**ASSIGNMENT**
From the first line to the last, output the data exactly as it stands, minus its pictures.
=== RECORDED DATA ===
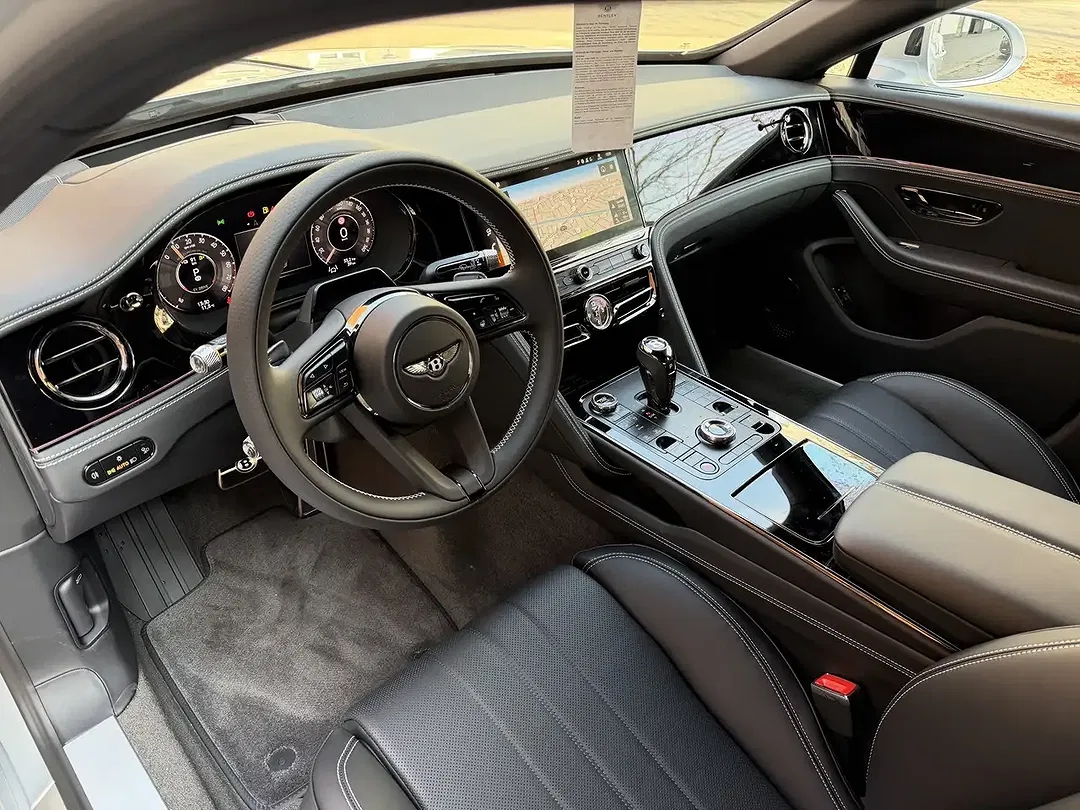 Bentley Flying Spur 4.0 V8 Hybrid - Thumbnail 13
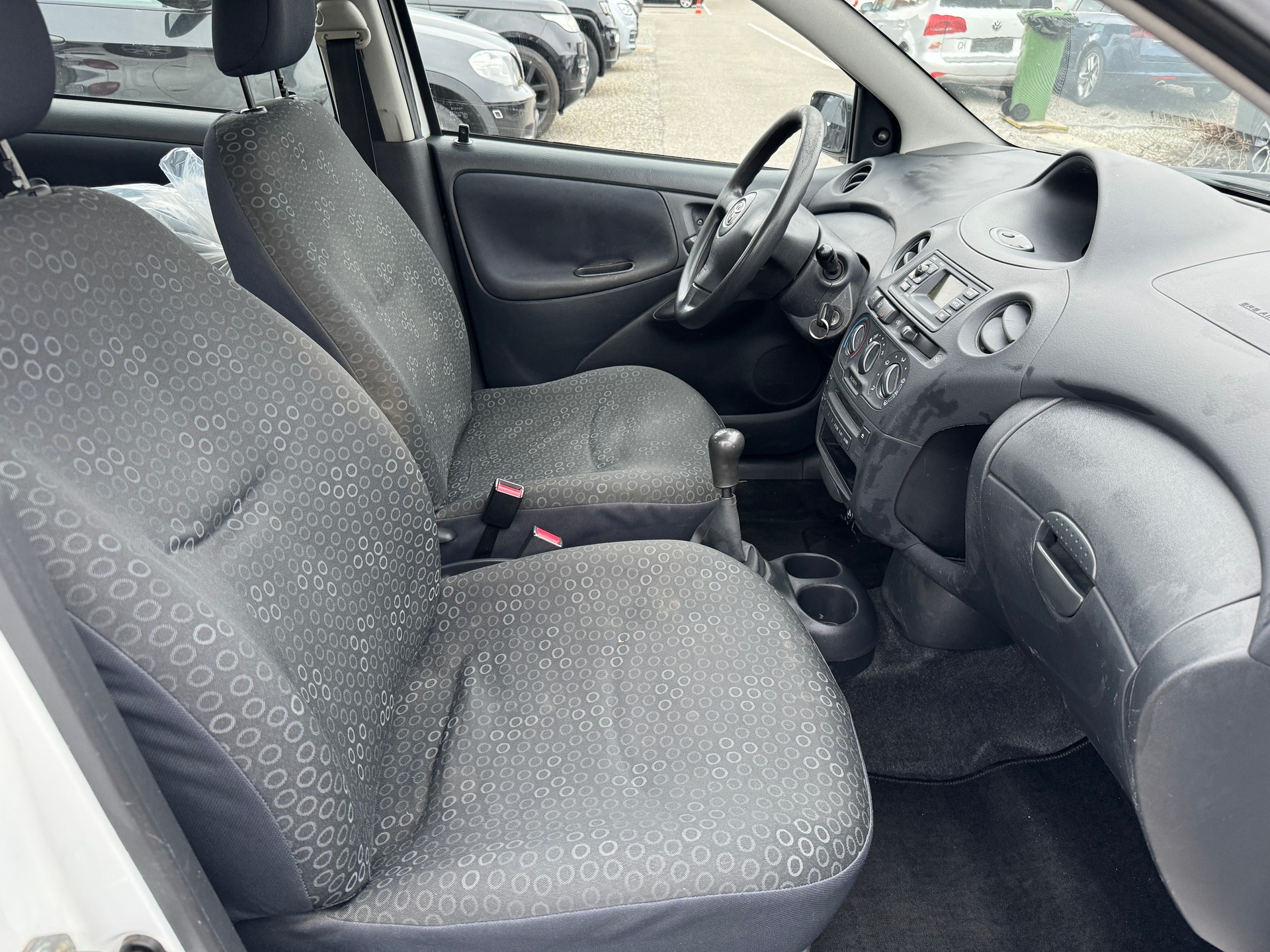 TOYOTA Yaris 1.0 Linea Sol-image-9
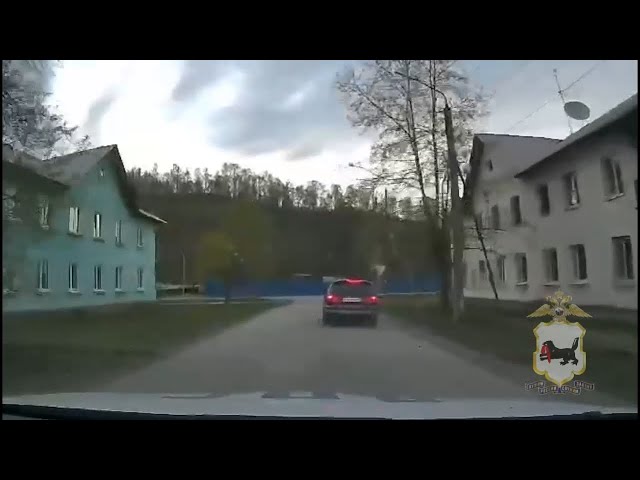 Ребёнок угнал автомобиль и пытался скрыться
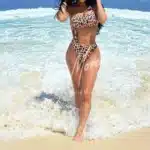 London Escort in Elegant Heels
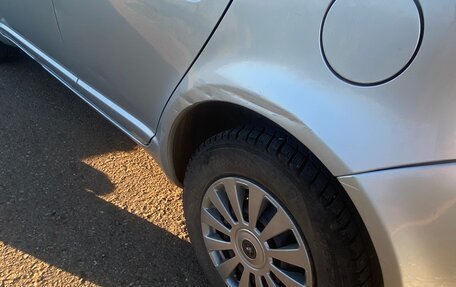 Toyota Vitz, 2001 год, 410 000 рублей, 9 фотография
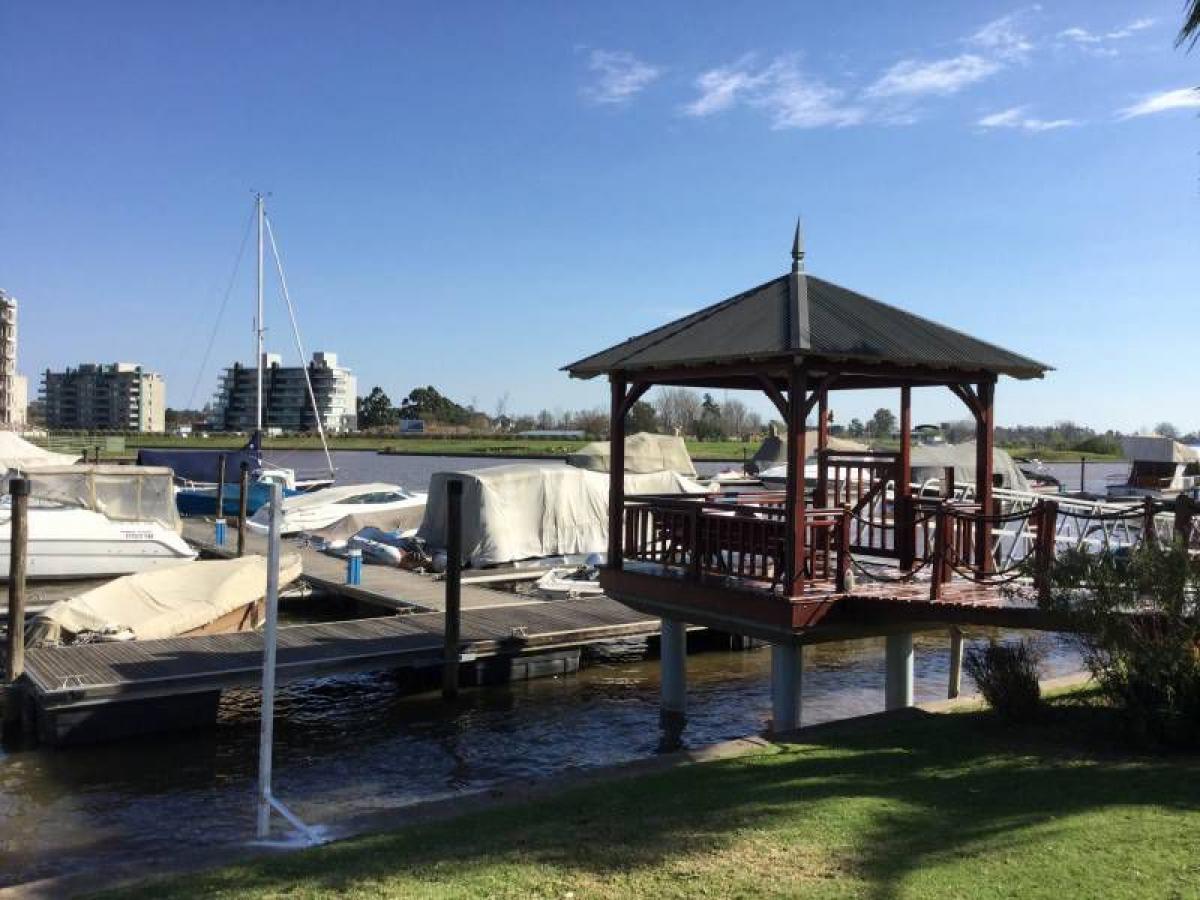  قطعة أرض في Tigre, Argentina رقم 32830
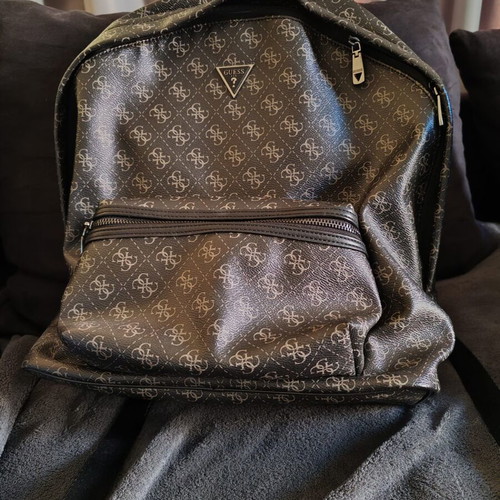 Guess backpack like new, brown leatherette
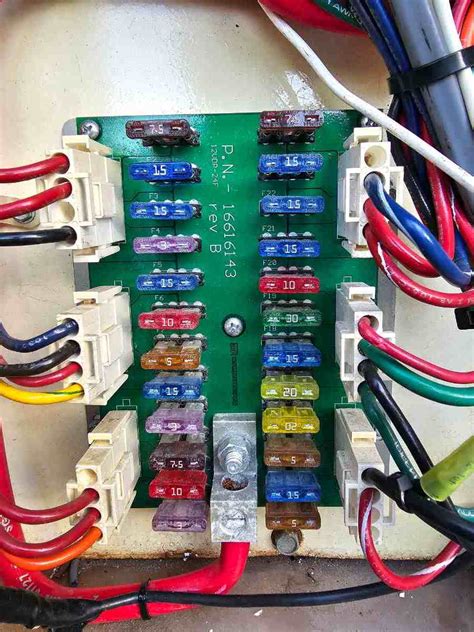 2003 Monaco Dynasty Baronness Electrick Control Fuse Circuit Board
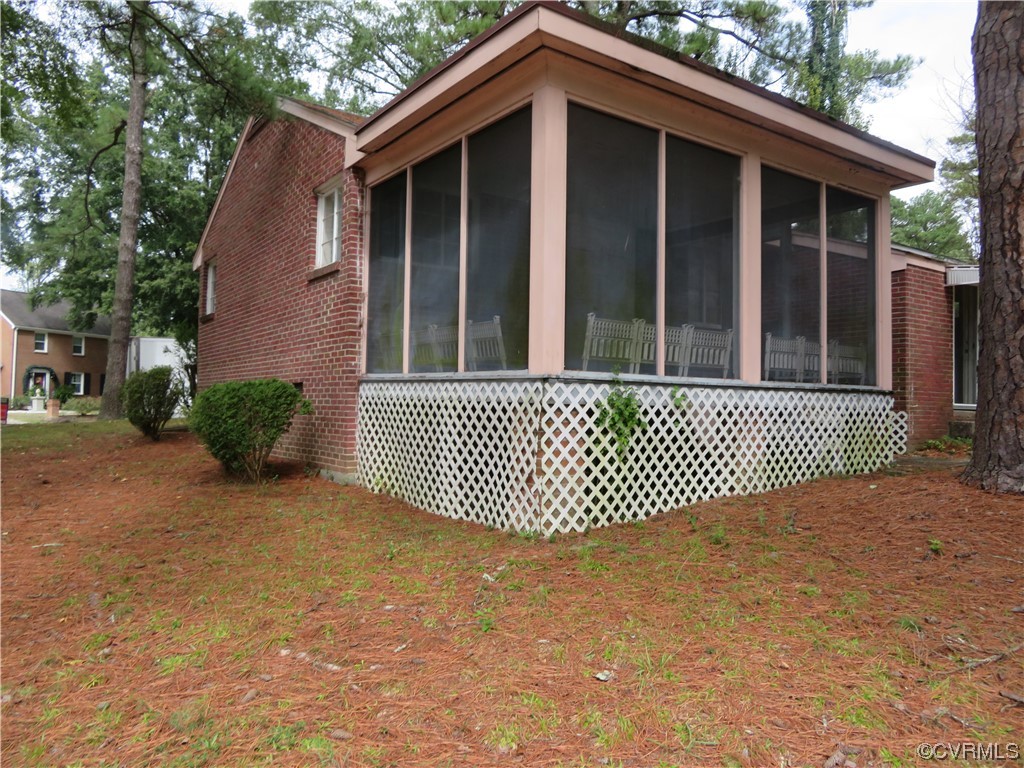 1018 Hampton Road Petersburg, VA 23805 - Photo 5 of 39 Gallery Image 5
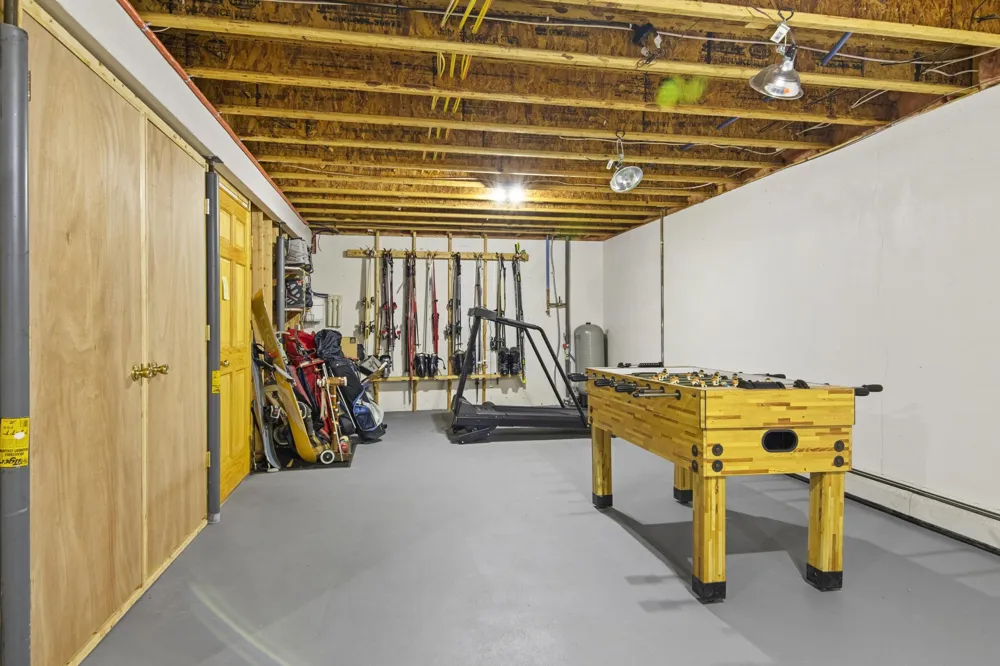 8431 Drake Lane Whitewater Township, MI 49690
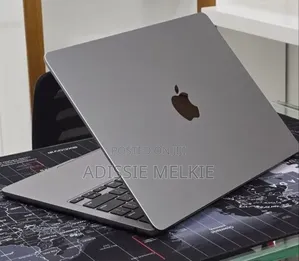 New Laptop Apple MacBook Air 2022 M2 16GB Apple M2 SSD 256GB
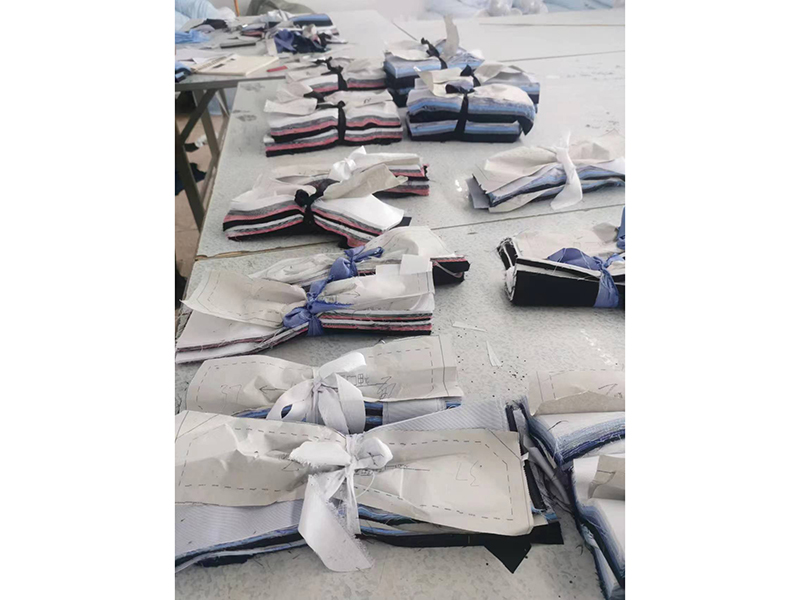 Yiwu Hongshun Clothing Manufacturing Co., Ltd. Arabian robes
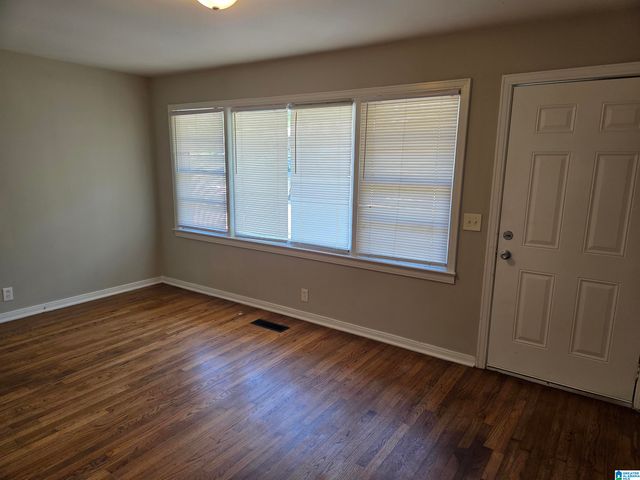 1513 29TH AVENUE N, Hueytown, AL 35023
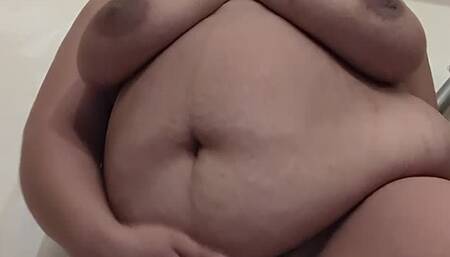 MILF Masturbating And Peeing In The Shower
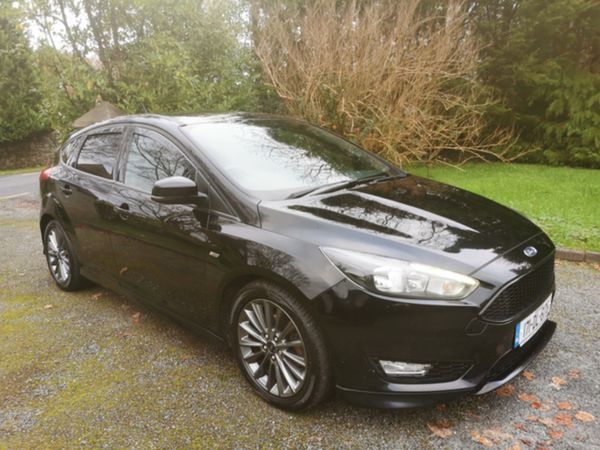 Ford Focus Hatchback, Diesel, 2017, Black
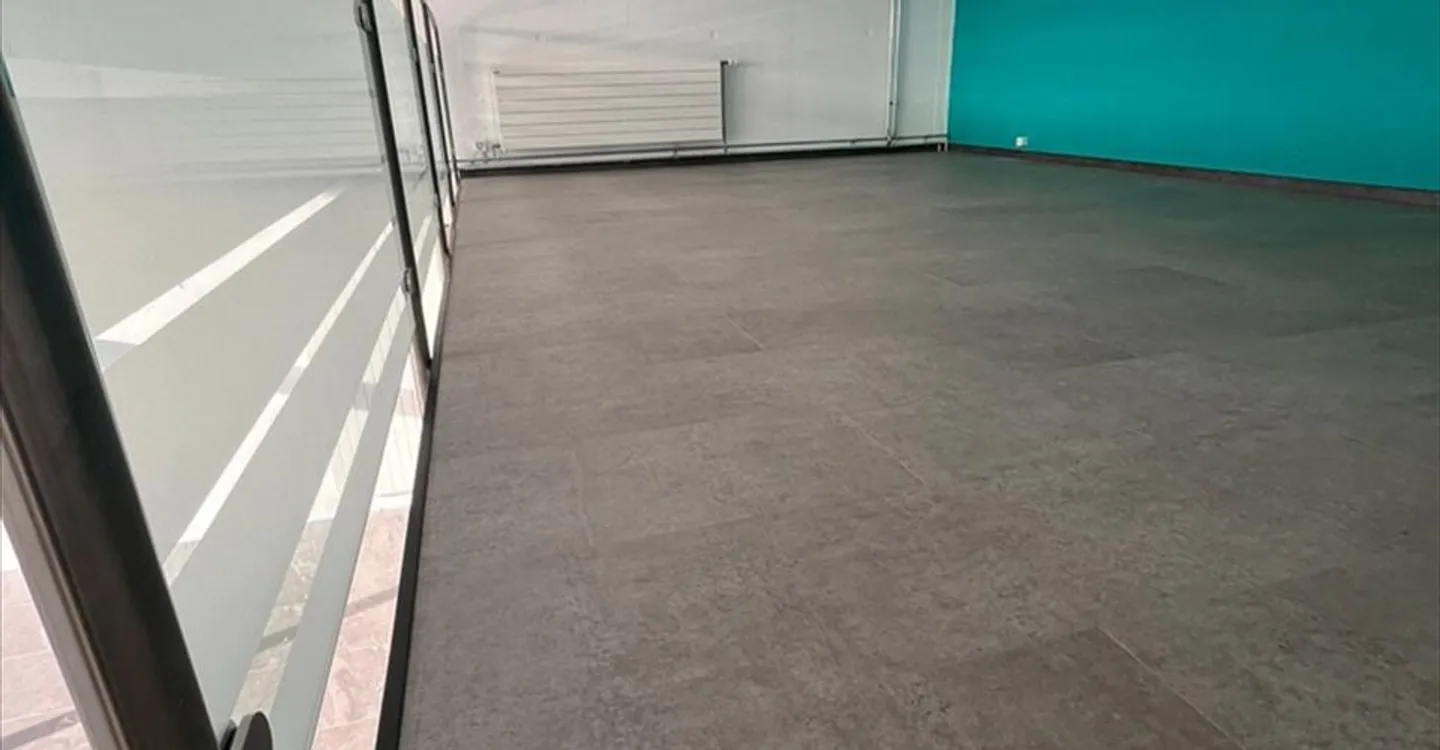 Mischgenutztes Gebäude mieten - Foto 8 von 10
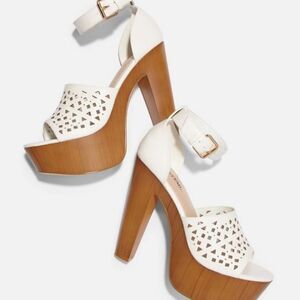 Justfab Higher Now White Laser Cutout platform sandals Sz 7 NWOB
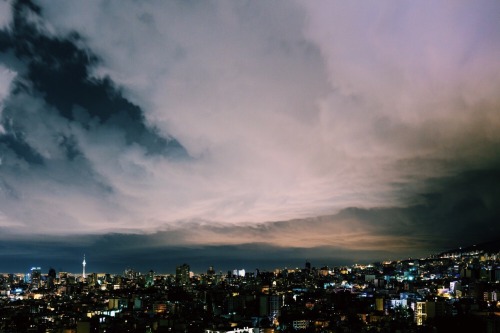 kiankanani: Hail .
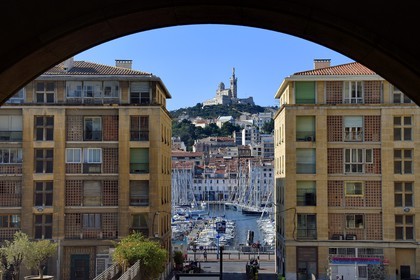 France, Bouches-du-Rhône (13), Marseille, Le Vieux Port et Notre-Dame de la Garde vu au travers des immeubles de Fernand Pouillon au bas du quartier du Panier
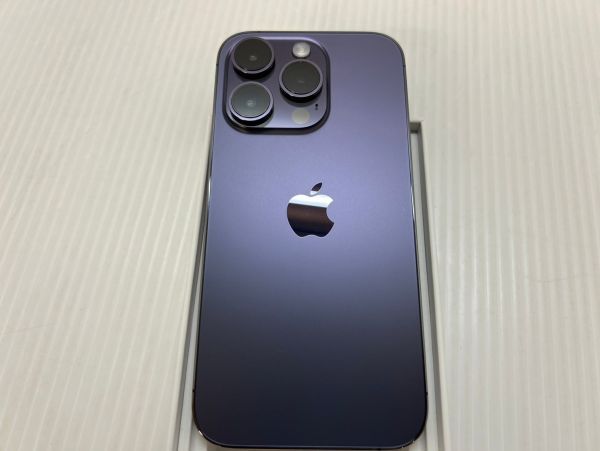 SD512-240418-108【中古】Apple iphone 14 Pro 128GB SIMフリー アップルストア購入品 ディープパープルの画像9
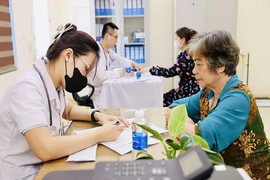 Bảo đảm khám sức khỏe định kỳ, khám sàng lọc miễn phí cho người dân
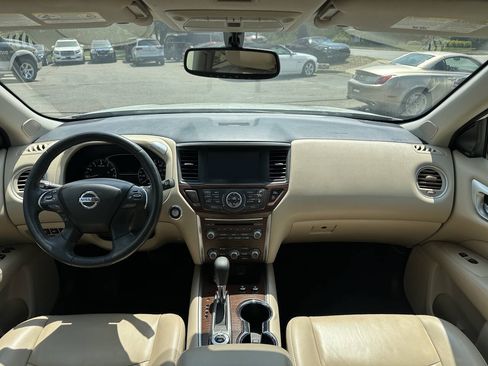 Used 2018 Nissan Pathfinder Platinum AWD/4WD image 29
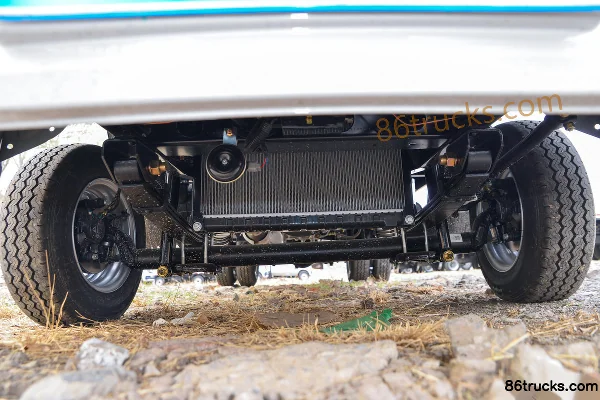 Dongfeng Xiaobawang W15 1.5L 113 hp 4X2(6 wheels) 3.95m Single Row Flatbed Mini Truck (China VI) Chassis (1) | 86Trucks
===
**RESULT**
 Bentley Flying Spur 4.0 V8 Hybrid - Thumbnail 13
 TOYOTA Yaris 1.0 Linea Sol-image-9
 Ребёнок угнал автомобиль и пытался скрыться
 London Escort in Elegant Heels
 Toyota Vitz, 2001 год, 410 000 рублей, 9 фотография
  قطعة أرض في Tigre, Argentina رقم 32830
 Guess backpack like new, brown leatherette
 2003 Monaco Dynasty Baronness Electrick Control Fuse Circuit Board
 1018 Hampton Road Petersburg, VA 23805 - Photo 5 of 39 Gallery Image 5
 8431 Drake Lane Whitewater Township, MI 49690
 New Laptop Apple MacBook Air 2022 M2 16GB Apple M2 SSD 256GB
 Yiwu Hongshun Clothing Manufacturing Co., Ltd. Arabian robes
 1513 29TH AVENUE N, Hueytown, AL 35023
 MILF Masturbating And Peeing In The Shower
 Ford Focus Hatchback, Diesel, 2017, Black
 Mischgenutztes Gebäude mieten - Foto 8 von 10
 Justfab Higher Now White Laser Cutout platform sandals Sz 7 NWOB
 kiankanani: Hail .
 France, Bouches-du-Rhône (13), Marseille, Le Vieux Port et Notre-Dame de la Garde vu au travers des immeubles de Fernand Pouillon au bas du quartier du Panier
 SD512-240418-108【中古】Apple iphone 14 Pro 128GB SIMフリー アップルストア購入品 ディープパープルの画像9
 Bảo đảm khám sức khỏe định kỳ, khám sàng lọc miễn phí cho người dân
 Used 2018 Nissan Pathfinder Platinum AWD/4WD image 29
 Dongfeng Xiaobawang W15 1.5L 113 hp 4X2(6 wheels) 3.95m Single Row Flatbed Mini Truck (China VI) Chassis (1) | 86Trucks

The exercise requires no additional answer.